### [WHAT NEEDS TO BE DONE]
Reproduce the whole listing below without its pictures, exactly as written.

### [RECORDED DATA]

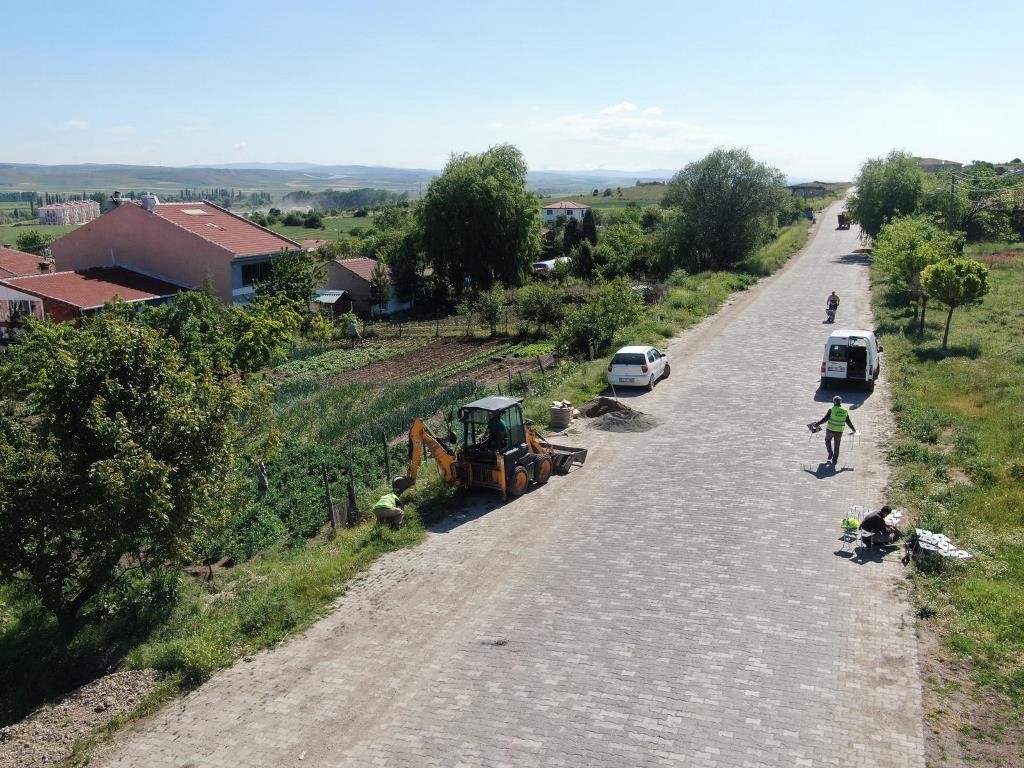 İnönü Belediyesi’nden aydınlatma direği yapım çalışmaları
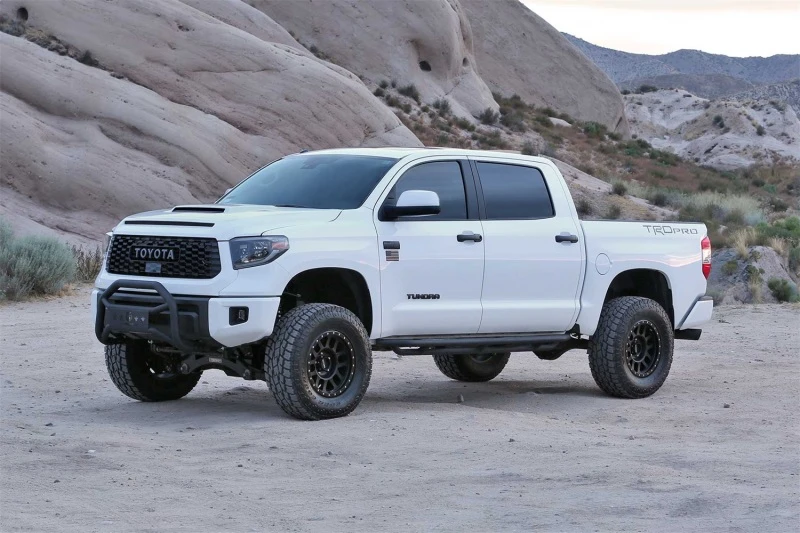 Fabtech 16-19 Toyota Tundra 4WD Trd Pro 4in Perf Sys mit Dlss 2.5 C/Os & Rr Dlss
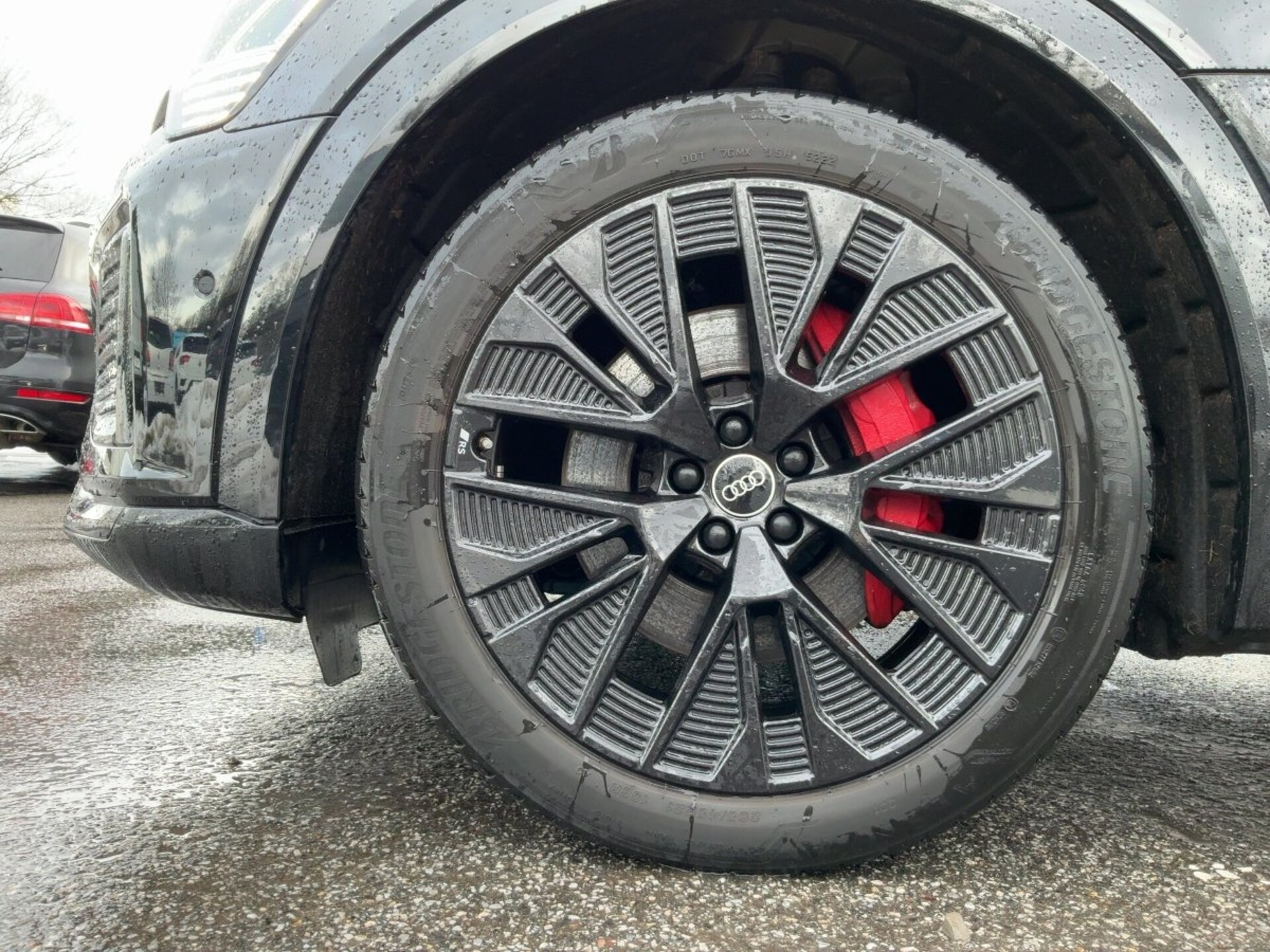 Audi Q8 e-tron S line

### [ANSWER FOR THIS EXERCISE]
 İnönü Belediyesi’nden aydınlatma direği yapım çalışmaları
 Fabtech 16-19 Toyota Tundra 4WD Trd Pro 4in Perf Sys mit Dlss 2.5 C/Os & Rr Dlss
 Audi Q8 e-tron S line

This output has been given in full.